On constate sur la décennie précédente une chute brutale du nombre de naissances, le pic ayant été atteint en 2010 avec 832 000 enfants, qui vont désormais rentrer en sixième. Le nombre de naissances est passé sous le seuil des 800 000 en 2015 et décroît ensuite (743 000 naissances en 2019). La diminution du nombre de naissances devrait se poursuivre jusqu'à atteindre 734 000 naissances en 2022 .

Évolution des effectifs d'élèves de l'enseignement préélémentaire
et élémentaire, en milliers

Source : DEPP

En d'autres termes, les effectifs du premier degré sont amenés à décliner structurellement , et ce en dépit de l'abaissement de l'âge de scolarisation obligatoire à 3 ans (+ 25 000 élèves en 2019) qui devrait contribuer à ralentir cette contraction des effectifs mais non pas l'inverser.
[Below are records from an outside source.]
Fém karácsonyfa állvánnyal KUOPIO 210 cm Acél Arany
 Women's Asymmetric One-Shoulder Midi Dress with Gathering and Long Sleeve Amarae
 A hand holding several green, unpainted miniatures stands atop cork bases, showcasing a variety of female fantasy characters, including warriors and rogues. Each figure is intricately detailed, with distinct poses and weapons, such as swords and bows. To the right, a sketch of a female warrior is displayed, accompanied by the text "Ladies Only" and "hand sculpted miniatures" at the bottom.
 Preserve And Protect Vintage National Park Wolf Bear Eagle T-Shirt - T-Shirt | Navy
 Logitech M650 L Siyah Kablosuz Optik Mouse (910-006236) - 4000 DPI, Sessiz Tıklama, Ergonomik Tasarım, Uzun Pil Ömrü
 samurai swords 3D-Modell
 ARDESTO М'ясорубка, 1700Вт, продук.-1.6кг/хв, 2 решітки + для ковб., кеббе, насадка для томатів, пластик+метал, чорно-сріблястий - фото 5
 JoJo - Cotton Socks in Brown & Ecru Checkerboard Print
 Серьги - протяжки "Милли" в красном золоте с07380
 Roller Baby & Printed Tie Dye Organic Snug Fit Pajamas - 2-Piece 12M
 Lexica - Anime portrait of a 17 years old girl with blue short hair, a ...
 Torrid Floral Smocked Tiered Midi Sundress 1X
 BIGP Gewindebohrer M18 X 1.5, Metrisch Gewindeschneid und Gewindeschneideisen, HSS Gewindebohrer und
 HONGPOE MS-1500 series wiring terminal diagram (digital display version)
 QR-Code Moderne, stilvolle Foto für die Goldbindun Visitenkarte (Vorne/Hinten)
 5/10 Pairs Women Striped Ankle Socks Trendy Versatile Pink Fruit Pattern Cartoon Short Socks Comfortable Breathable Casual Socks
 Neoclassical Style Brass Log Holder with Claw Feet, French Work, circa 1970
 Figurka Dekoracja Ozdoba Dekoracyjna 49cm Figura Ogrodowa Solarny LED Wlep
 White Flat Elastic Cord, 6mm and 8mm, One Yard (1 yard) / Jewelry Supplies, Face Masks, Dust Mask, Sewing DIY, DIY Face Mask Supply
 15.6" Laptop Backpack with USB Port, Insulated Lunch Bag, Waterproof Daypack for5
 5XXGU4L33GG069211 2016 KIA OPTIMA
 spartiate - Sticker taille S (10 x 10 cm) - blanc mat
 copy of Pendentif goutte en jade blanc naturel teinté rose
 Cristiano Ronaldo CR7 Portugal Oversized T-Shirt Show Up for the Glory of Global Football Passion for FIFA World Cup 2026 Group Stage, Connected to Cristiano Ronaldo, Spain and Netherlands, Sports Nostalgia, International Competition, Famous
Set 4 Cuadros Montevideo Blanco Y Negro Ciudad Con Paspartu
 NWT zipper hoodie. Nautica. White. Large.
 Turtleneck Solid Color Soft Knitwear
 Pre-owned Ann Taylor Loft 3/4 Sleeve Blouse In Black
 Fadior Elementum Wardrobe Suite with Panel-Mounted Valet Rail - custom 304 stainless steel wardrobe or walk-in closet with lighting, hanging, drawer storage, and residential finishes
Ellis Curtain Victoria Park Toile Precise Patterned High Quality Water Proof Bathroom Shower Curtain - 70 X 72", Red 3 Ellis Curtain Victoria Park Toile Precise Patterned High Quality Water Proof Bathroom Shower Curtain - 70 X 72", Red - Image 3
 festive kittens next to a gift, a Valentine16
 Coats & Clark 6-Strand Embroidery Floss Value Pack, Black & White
Le premier degré aura perdu près d'un sixième de ses élèves en cinq ans.

Évolution des effectifs d'élèves dans l'enseignement primaire entre 2009 et 2023

(en millions d'élèves)

Source : commission des finances du Sénat à partir des données de la DEPP et des documents budgétaires

Ces évolutions devraient gagner progressivement le second degré, à commencer par le collège. L'augmentation des effectifs constatée en collège depuis la rentrée 2017 pourrait se poursuivre jusqu'à la rentrée 2021 et serait suivie d'une très légère baisse en 2022 avant de diminuer sensiblement en 2023 et 2024 . Les perspectives démographiques du lycée ne devraient toutefois évoluer à la baisse qu'après 2024, correspondant au passage du pic de naissance de 2010.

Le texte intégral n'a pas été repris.